Sabah sabah -hele ki pazartesi sabahı- ilk iki saat edebiyat nedir hocam? Hah, sonraki iki saatte matematikti. Her neyse, matematiği seviyordum. VE SEVİNÇTEN ÇIĞLIK ATACAK KADAR GÜZEL BİR DERS GÖRDÜM. MATEMATİKTEN SONRA BEDEN! YAŞASIN!

Dersim başlamasına 25 dakika vardı, hızlıca çantamı hazırlayıp odamdan çıktım.

"Kızım gel bir şeyler ye, aç acına gitme okula!" diye bağıran annemi duydum. Annem kahvaltı konusunda baya hassastı, bu yüzden onu bu konuda kızdırmamaya özen gösteriyordum.

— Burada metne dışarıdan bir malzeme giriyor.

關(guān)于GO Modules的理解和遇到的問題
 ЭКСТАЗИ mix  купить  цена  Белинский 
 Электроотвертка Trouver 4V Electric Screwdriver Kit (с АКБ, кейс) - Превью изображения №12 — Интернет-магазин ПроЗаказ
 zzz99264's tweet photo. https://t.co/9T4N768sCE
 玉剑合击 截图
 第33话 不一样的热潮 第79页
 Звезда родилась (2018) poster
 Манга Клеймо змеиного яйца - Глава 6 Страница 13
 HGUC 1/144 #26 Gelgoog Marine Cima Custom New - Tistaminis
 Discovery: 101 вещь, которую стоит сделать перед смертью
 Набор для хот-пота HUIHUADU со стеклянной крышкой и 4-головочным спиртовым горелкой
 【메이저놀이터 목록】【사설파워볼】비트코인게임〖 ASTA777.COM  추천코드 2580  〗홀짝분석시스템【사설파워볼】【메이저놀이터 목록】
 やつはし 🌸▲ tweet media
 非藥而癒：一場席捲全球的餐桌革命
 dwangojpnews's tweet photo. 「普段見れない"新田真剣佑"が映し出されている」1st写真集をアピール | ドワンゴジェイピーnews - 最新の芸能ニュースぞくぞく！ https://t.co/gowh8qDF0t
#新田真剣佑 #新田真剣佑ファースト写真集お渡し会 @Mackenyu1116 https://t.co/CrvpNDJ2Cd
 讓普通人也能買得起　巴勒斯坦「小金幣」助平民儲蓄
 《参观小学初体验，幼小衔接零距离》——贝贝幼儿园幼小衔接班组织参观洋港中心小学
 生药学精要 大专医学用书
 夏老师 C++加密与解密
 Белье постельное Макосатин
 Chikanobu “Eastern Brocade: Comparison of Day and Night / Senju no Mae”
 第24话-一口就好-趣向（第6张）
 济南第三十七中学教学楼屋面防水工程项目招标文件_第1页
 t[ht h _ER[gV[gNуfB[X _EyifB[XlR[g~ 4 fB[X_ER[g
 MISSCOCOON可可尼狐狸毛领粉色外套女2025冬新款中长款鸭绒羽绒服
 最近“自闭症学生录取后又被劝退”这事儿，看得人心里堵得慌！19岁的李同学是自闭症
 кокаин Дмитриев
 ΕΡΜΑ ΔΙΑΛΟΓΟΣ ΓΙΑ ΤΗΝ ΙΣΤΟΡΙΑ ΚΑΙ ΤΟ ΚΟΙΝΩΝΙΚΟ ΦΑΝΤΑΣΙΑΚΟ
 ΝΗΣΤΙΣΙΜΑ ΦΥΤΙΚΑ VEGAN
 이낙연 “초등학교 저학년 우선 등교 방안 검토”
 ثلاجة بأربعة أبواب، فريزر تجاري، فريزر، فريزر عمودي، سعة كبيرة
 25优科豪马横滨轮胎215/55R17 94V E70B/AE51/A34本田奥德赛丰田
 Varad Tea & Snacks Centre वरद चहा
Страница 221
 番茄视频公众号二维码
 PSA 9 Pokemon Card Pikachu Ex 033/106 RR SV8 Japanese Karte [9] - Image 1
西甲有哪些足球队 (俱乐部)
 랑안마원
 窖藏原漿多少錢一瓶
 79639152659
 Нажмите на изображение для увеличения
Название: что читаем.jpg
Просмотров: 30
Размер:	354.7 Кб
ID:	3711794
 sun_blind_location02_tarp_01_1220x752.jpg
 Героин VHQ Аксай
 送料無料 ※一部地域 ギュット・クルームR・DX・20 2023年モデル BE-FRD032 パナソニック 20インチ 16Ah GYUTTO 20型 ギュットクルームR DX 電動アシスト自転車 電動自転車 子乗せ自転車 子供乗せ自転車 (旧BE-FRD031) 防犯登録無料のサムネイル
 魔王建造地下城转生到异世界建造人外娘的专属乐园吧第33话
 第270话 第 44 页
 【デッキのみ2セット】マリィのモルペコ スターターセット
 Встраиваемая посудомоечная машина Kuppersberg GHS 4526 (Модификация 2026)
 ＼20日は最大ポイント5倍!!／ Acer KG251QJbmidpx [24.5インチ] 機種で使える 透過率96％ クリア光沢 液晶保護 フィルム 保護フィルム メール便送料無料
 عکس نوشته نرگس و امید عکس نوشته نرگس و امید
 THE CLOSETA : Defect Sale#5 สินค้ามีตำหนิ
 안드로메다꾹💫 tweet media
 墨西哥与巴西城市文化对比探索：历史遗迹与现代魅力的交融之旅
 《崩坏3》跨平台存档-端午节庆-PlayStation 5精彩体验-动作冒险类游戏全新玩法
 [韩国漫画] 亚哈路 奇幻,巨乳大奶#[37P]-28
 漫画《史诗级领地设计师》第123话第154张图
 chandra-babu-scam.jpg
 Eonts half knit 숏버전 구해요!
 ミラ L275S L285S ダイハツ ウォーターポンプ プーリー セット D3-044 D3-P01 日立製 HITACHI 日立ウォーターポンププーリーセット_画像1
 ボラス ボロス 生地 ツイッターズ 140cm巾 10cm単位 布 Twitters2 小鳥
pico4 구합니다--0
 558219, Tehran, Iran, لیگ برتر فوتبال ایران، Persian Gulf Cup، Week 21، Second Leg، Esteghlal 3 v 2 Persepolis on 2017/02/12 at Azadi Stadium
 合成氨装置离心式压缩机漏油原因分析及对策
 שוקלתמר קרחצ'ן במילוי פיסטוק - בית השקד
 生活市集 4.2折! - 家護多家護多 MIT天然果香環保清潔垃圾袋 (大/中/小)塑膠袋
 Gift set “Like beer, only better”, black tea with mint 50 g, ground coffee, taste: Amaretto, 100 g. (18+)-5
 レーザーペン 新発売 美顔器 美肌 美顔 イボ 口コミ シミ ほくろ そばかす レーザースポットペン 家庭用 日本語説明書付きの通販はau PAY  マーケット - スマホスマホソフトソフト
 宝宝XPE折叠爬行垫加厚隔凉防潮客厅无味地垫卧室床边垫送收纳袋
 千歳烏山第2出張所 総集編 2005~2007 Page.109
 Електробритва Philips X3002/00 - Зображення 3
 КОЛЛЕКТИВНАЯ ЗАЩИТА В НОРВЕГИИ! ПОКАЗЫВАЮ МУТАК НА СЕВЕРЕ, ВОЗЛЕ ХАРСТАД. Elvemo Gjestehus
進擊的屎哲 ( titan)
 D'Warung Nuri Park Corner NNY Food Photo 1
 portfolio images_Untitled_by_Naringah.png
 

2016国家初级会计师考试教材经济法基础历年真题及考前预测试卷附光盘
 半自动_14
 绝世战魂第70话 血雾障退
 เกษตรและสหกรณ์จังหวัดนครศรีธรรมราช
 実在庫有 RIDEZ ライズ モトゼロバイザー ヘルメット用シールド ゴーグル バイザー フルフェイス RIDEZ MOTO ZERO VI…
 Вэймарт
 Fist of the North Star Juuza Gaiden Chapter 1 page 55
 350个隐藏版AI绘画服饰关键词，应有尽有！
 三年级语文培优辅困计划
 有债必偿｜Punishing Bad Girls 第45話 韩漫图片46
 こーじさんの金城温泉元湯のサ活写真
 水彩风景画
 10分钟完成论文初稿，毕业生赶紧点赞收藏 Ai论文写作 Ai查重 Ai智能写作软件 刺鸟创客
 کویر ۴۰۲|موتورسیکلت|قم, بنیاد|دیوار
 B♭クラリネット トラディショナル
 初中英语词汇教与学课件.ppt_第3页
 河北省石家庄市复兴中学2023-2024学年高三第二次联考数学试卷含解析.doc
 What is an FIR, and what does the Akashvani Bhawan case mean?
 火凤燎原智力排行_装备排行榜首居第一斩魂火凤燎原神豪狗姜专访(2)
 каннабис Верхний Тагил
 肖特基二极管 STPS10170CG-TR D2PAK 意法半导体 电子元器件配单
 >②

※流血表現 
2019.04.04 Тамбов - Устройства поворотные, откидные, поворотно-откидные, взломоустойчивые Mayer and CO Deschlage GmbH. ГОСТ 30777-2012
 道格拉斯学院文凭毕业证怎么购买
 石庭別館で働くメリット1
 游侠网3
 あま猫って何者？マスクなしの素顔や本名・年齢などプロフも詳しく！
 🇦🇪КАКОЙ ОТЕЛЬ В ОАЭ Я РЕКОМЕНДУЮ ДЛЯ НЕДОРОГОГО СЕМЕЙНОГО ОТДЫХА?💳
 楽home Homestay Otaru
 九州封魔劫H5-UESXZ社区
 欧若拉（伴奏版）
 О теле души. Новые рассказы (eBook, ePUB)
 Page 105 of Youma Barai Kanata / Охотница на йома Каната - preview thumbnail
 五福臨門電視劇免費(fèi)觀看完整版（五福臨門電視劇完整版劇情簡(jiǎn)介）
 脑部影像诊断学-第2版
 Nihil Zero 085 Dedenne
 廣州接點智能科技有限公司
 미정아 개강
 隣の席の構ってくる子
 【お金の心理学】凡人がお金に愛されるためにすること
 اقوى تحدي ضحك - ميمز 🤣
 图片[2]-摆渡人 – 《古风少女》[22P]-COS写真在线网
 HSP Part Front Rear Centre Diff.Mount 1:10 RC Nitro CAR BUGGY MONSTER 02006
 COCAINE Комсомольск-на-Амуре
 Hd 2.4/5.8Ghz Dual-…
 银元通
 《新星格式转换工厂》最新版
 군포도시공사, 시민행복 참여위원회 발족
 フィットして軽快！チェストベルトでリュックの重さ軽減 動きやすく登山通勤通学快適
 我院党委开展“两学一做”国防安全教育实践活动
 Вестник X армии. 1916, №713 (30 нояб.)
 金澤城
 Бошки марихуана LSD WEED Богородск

Mutfağa daldım ve annemin hazırladığı tostlardan birini peçeteye sararken konuşmaya başladım. "Abimler çıktı mı?"

Annem masaya oturmuş çay dolduruyordu. "Uraz çıktı erkenden annecim, işi varmış. Yaman abinde az sonra seni bırakacakmış, yeni uyandı o da."

Yaman abim beni bırakacaksa sorun yoktu, peçeteyle sardığım tostumu geri çıkardım ve oturup hızlıca yemeye başladım.

"Anne bizim Düdük odasında yok! Çıktı mı evden? Yoksa kocaya mı kaçtı? Ya sen bana sabır ver Allah'ım bir çocuğa bakamıyorsunuz şaka gibi! ANNE KİME DİYORUM BEN?!" abimin Düdük diye seslendiği kişi bendim. Çocukluğumdan kalan bir lakaptı, o yüzden bana demesine bir şey demiyordum.

"Evöt öbi bön cönöm kocömlayöm böni arömö." ağzım doluyken konuştuğum için dediklerimi anlamamış olabilirdi. Ama saçımın çekildiğini hissedince anladım ki, dediklerimi anlamıştı..

"Ya Yaman saçımı çekme yemek yiyorum!" diye cırladığım sırada abim yanımdaki sandalyeye oturmuş ağzına bir şeyler atıyordu. Annemde haber izliyordu, umrunda bile değildik kadının..

"Abi diyeceksin bana kızım, aramızda 3 yaş var." dedi üç parmağını göstererek. Ona göz devirip ayaklandım. "Kalk, okula geç kalacağım." dedim ve ayakkabımı giyinmeye başladım.

Abimde giyinirken annemi yanaklarından öptüm, "Hadi dikkatli olun canımın içleri. Allah zihin açıklığı versin." dedi annem.

Hızlıca arabaya yerleştik, okulum yürüme mesafesi ile 15 dakika sürüyordu. Araba ile 5 dakika falan.

"Ee Düdük, niye canın sıkkın?" dedi abim arabayı sürerken.

"İlk iki dersimiz edebiyat olduğu için tabii ki! Sabah sabah 60 yaşındaki Canan hocayı kim dinlemek ister? İçimde edebiyata dair ufak bir heves kırıntısı varsa bile o kadın yüzünden o da yok olmuştur!" dedim hızlı hızlı konuşurken. Abim dediklerim üzerine minik bir kahkaha attı, ben ise somurtuyordum.